Surprising Ways to Cook with Food Scraps

Kale and Collard Stems

Kale salad and green smoothie lovers, rejoice! These recipes often call for removing the tough rib from your kale, to make the raw greens more palatable. But you can save those stems for cooking! When you cook them, those tough, chewy stems become crunchy and even develop a bit of sweetness that balances out the bitter kale taste beautifully. When you sauté, you actually don’t have to de-stem your kale or collard greens. Just chop and cook.

If you do have some kale stems sitting around, though, they stand on their own really well. Try this sweet and spicy stir fry or make a kale stem pesto!

Surprising Ways to Cook with Food Scraps

Broccoli Stalks

Like kale and collard stems, you can absolutely eat your broccoli stalks. They have a milder broccoli flavor and work well in stir fries, veggie roasts, soups, and stews.

I realized that I could cook broccoli stems when I dumped out a bag of frozen broccoli, and noticed that there are a lot of pieces that were totally not florets in the bag.  To prep your broccoli stalks, you do need to remove the tough outer skin. Just use a paring knife to slice it away. What’s left is the tender and juicy broccoli heart. Cook it up just like you would broccoli florets.

Surprising Ways to Cook with Food Scraps

There are chard stems in them thar pickles!

Beet Greens and Stems

If you’ve never eaten beet greens, you are in for such a treat! They work well anywhere that you’d use Swiss chard.

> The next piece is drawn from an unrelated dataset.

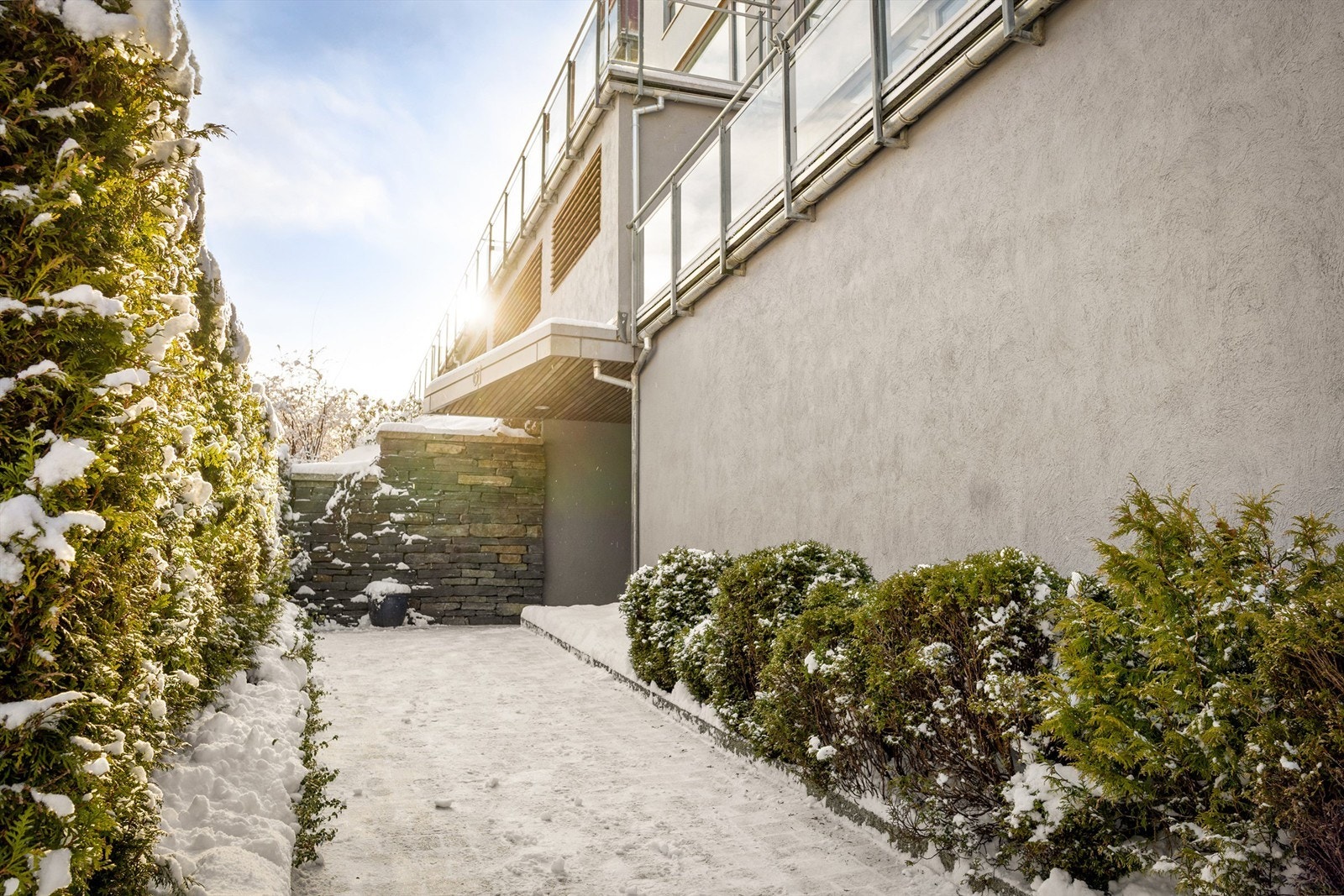 Elegant inngangsparti med fasadestein og grønne omgivelser Galleribilde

Fun fact: Swiss chard is actually in the beet family. Like the carrot greens, you want to really wash those beet greens thoroughly. I use the same soak, scrub, rinse method that I use on my carrot greens.

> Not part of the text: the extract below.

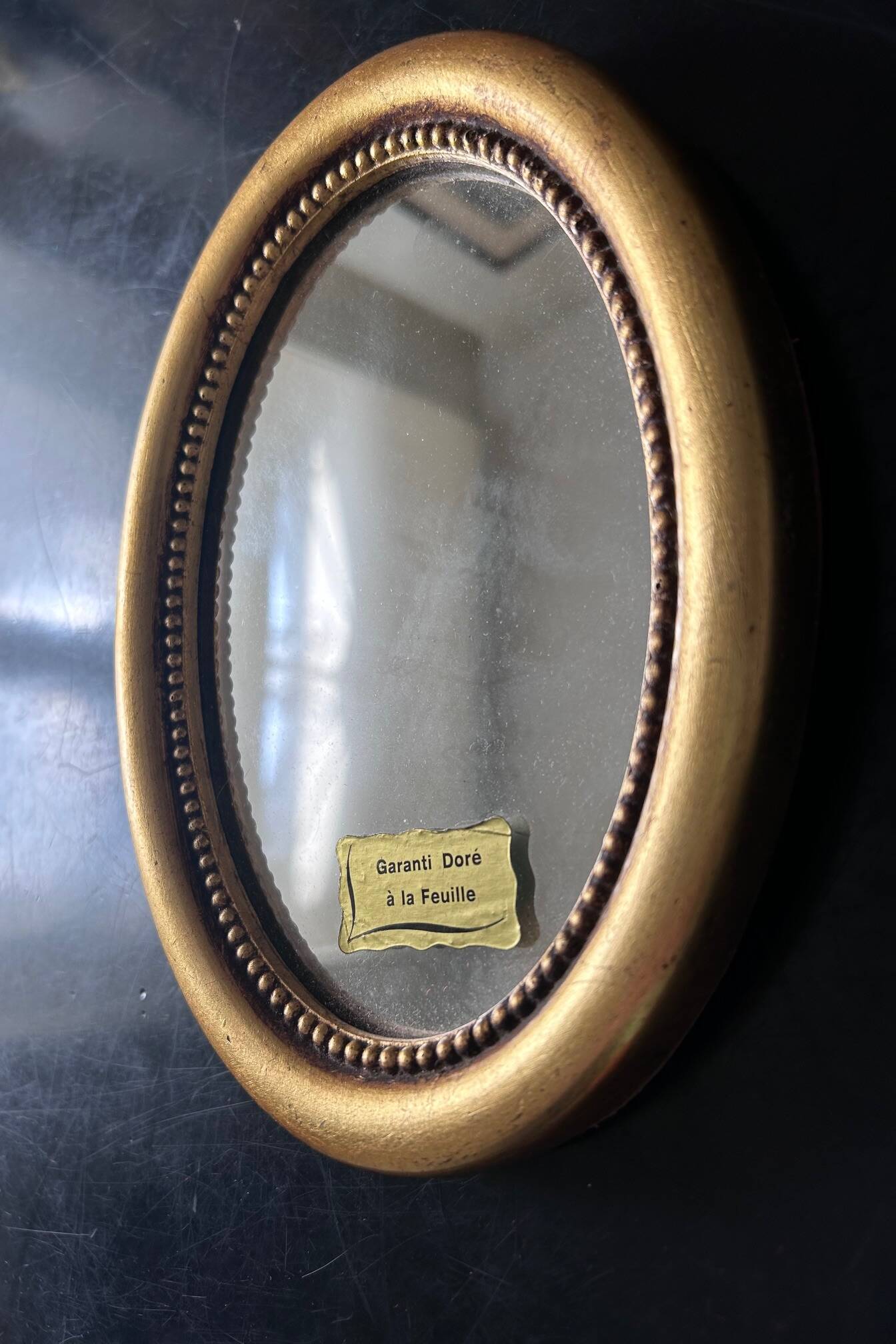 old mirror gilded with fine gold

Beet stems – and chard stems, while we’re at it – are great for adding crunch to mayonnaise-based salads. I use them in place of celery when making vegan egg salad. Beet or chard stems also work well as refrigerator pickles or in a stir fry.

A friend of mine likes using beet stems in her juices. They give the same sweetness and deep, red color that you get from beetroot.

Surprising Ways to Cook with Food Scraps

Don’t skin your kiwi!

Kiwi Skins

Kiwi skins are totally edible.

I’m a big believer in not peeling fruits and veggies unless you absolutely have to. If you’ve never eaten your kiwi unpeeled, try it! Once you get past the initial fuzzy texture, it’s not that different from eating peeled kiwi. It’s less wasteful and saves time at the cutting board.

The fuzzy texture is less noticeable if you cut your kiwi into large chunks (think 6 chunks from 1 kiwi) or if you cut it into rings. The only parts you should probably discard are the woody top and bottom.

Surprising Ways to Cook with Food Scraps

Almond Meal Left from Making Milk

Do you make your own almond milk? It feels so wasteful to toss that pulp into the compost, doesn’t it? There are a few ways that you can reuse that nutritious pulp, though!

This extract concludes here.